Lo stesso intervento è stato poi realizzato su un’altra oca con lo stesso problema, Esmeralda, e da questa esperienza è nato il marchio "Copperbeak", per dare vita ad una fondazione per la cura e il recupero di animali selvatici in difficoltà. «L'obiettivo della Fondazione è anche quello di garantire il benessere per tutta la durata della loro vita - ha spiegato il veterinario -. Copperbeak nasce con la volontà di essere un marchio etico, riunendo in sé i concetti fondamentali del legame affettivo che si crea tra l'uomo e l'animale, e il rispetto che si deve a tutti gli animali, non solo da compagnia ma anche da allevamento».

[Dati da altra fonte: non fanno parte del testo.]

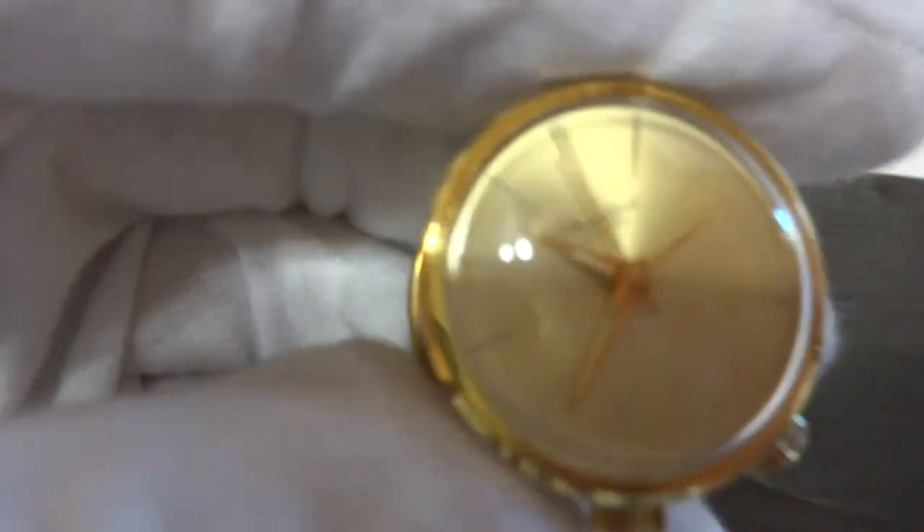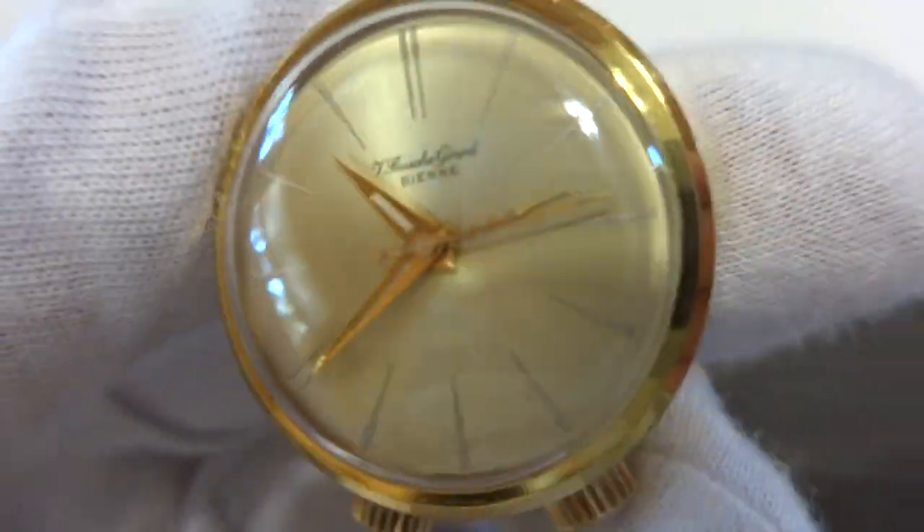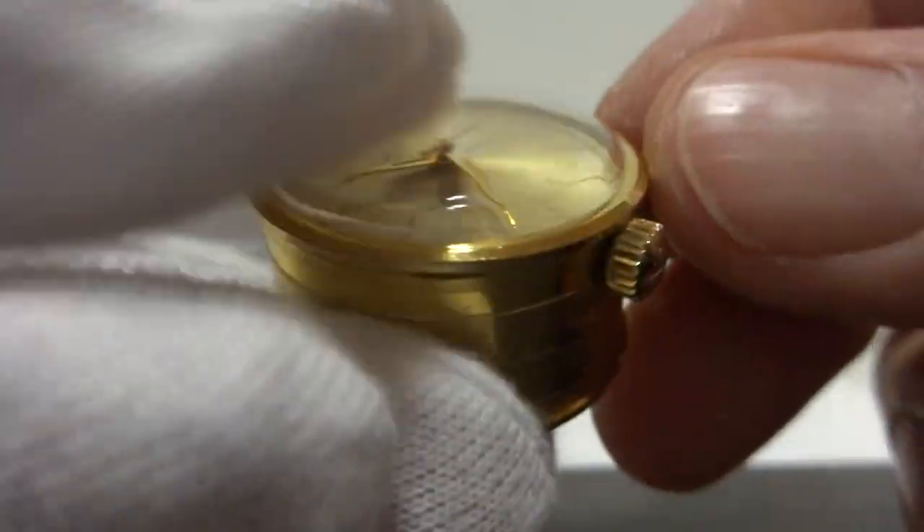I just finished this vintage Bouche Girard Rouge sub miniature musical alarm clock, really in fantastic condition. The crystal is nice and clear, the dial is also in very nice condition. It's already fully wound.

«Ottorino ed Esmeralda – continua Briganti - sono due animali da compagnia che ci sono stati portati dalle loro rispettive famiglie. La loro storia è già diventata una fiaba per bambini contro la discriminazione della diversità: nella trama emerge la fierezza di due piccoli d’oca per avere due genitori dal becco di rame. Intendiamo venderne i diritti per finanziare la fondazione, e con lo stesso obiettivo vogliamo dare in licenza il nostro marchio. Per la fiaba ci sono già interessi dal mondo dell'editoria, siamo riusciti ad avere anche alcuni contatti con la Walt Disney». Il veterinario ha poi parlato dei delicati interventi eseguiti in passato. «Abbiamo assistito tantissimi animali, lupi investiti, cervi che avevano filo spinato incastrato tra le corna, e abbiamo compiuto addirittura un cesareo a un'aquila che non riusciva a fare il suo uovo».
Ma noi andiamo oltre, ed incontriamo anche Theresa, una giovane mucca australiana, che si è ferita cadendo da un terrapieno, e che ora cammina nuovamente grazie ad un nuovo arto fatto di legno e fibra di vetro.
Motola (foto a sinistra), una femmina di elefante tailandese, che aveva perso una parte della zampa sinistra per aver camminato su una mina anti uomo, mentre lavorava trasportando legname in un accampamento lungo il confine col Myanmar, una zona piena di ordigni non esplosi. La stessa sorte è toccata a Mosha, cucciolo di elefante, ferito sempre da una mina. Entrambi sono stati curati e operati all'Elephant Hospital (struttura creata da Soraida Salwala nel 1993) dove gli sono stati impiantati degli arti meccanici.
Lieto fine anche per Chhouk, elefantino cambogiano: il piccolo ha perso una zampa dopo essere incappato in una trappola di bracconieri, ed è stato trovato in fin di vita nella jungla. Chhouk, che ha cinque anni, vive in una riserva nei pressi del Phnom Tamao Wildlife Rescue Centre in Cambogia (un centro per il salvataggio e la cura di animali selvaggi), e cammina ora con l'aiuto di una protesi che sostituisce i sedici centimetri di piede e zampa che ha perso nella trappola (guarda il video).
Insomma, non c’è limite all’immaginazione. Del resto, proprio lo stesso Walt Disney diceva: “Se puoi pensarlo, puoi farlo!”.
Un bell’esempio di come le capacità e le conoscenze (queste sì) esclusive dell’essere umano, possano essere realmente utili, e messe disposizione di tutti gli altri animali.
E dove non arrivano la chirurgia, le zampine bioniche e i becchi magici? Arriva solitamente una veloce spider a due ruote. Ma… questa è un’altra storia!